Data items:
_ _ _ _

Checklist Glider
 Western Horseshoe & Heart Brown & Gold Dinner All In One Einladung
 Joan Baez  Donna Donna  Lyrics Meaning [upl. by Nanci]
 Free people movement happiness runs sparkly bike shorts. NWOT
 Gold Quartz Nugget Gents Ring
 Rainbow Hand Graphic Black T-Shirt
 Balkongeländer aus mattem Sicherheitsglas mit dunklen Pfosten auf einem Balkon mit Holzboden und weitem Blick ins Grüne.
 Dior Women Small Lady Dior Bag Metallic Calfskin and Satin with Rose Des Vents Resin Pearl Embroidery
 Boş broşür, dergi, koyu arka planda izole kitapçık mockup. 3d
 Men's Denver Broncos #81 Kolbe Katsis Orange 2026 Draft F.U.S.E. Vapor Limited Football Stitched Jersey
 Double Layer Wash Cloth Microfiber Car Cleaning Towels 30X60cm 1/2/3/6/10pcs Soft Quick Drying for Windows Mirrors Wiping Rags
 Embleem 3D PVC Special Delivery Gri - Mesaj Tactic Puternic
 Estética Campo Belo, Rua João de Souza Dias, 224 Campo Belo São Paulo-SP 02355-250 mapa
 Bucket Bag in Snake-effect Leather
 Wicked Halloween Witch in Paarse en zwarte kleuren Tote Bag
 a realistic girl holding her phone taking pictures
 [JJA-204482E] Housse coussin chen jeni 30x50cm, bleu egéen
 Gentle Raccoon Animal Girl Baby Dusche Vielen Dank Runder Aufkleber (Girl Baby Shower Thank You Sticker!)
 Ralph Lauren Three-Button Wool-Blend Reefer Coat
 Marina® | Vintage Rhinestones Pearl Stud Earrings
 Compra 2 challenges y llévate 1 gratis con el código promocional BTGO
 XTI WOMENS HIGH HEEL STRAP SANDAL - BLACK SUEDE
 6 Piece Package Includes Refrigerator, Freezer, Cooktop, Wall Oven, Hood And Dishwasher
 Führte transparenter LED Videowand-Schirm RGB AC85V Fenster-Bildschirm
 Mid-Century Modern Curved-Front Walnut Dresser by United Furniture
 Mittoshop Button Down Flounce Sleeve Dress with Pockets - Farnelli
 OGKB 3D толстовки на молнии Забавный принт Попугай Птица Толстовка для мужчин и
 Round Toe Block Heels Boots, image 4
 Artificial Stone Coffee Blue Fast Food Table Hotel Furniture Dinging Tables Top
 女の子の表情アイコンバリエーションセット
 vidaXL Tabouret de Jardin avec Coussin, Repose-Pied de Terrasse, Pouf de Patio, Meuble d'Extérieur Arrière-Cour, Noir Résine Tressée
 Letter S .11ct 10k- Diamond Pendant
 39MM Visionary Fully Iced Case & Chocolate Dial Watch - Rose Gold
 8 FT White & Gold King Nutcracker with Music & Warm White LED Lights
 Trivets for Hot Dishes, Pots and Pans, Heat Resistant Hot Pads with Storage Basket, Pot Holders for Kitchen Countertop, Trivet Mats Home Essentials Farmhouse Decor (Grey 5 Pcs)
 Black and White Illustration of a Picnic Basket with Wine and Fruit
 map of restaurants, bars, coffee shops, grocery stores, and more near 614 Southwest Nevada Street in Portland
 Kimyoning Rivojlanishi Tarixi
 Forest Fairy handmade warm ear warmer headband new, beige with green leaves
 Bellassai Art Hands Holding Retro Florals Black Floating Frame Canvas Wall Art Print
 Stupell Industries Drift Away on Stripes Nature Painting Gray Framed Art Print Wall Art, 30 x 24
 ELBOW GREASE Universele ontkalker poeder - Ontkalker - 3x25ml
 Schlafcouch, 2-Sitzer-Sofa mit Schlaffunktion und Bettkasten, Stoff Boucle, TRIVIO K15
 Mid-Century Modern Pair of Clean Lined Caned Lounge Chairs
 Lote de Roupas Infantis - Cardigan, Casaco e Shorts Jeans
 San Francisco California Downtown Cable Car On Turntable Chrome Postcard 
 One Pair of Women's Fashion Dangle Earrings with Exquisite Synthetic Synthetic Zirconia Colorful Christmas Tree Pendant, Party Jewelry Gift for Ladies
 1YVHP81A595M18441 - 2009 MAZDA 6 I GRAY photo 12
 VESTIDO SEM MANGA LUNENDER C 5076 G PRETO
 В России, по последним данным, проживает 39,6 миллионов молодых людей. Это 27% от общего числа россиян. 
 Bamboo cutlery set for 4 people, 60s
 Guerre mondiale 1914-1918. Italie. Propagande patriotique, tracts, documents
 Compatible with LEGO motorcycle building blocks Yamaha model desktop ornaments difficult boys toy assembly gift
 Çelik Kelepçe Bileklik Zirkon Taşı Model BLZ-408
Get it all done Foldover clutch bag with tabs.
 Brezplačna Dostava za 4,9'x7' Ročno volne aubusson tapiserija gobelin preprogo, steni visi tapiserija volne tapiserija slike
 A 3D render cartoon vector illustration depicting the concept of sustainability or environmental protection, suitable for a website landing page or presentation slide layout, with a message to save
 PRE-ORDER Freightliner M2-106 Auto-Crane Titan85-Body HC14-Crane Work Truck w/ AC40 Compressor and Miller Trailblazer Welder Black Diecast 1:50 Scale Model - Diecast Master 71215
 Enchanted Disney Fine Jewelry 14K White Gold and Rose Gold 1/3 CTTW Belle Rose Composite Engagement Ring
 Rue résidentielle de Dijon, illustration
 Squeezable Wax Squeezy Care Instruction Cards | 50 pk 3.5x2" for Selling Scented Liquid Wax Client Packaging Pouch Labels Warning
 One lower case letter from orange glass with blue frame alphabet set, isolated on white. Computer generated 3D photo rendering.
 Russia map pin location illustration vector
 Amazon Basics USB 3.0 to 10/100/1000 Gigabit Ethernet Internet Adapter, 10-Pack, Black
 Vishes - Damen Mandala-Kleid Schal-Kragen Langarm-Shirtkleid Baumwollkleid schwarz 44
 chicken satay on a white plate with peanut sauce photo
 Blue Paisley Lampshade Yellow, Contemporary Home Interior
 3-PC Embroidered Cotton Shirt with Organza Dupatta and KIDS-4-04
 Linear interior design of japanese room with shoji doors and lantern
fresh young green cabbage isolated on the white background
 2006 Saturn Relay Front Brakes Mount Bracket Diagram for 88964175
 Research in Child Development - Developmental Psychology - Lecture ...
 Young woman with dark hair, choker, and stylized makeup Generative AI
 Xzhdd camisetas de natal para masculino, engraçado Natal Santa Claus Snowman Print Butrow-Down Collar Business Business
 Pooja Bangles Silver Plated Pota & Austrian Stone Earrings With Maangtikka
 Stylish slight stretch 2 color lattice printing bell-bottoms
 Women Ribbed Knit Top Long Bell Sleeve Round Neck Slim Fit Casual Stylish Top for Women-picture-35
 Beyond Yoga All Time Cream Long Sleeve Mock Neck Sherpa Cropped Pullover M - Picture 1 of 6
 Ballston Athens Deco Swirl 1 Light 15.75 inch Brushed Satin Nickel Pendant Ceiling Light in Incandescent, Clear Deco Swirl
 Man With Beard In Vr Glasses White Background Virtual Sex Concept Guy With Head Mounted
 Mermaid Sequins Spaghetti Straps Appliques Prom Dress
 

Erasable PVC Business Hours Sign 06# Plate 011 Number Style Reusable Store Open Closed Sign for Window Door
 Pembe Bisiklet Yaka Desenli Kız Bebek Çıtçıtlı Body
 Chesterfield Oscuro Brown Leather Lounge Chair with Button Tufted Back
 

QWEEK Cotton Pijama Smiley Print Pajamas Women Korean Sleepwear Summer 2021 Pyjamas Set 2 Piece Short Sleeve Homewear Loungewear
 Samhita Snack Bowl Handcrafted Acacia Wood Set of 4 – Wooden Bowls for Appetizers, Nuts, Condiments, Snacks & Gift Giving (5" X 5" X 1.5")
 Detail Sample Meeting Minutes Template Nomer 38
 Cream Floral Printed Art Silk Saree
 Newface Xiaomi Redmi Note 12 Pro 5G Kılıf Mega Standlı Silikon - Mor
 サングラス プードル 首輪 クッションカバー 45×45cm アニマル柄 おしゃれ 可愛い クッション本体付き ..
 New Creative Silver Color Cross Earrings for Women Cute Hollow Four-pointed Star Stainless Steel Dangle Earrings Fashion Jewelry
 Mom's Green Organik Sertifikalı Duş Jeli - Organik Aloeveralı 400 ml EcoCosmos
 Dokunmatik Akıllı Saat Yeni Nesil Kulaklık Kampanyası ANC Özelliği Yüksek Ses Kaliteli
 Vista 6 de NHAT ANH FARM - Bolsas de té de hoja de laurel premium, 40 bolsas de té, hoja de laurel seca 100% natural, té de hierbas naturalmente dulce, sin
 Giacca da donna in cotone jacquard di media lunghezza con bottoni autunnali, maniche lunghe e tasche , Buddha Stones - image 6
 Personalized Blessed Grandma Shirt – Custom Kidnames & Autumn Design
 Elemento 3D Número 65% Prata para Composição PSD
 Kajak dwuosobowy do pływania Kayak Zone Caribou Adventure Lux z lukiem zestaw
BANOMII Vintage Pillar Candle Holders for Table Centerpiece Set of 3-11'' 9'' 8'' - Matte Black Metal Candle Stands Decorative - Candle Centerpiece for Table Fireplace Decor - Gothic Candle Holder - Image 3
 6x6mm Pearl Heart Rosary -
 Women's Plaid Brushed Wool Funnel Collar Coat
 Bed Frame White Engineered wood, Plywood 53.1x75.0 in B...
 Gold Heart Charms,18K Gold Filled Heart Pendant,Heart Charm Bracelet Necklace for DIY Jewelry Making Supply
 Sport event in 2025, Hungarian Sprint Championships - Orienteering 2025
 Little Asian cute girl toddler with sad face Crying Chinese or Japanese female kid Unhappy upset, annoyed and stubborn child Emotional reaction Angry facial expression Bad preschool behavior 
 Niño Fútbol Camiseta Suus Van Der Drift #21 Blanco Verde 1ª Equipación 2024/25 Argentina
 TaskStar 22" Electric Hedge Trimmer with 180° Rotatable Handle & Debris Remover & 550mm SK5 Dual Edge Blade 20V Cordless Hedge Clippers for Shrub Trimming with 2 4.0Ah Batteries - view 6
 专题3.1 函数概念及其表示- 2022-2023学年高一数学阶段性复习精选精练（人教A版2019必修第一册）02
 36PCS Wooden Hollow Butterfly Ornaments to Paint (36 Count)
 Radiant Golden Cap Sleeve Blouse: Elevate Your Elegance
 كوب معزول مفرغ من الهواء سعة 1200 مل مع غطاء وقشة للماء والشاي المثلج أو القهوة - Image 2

_ _ _ _

Problem details: Tell how many lines above include the word "Wool". Give the number alone.

Answer to this exercise: 2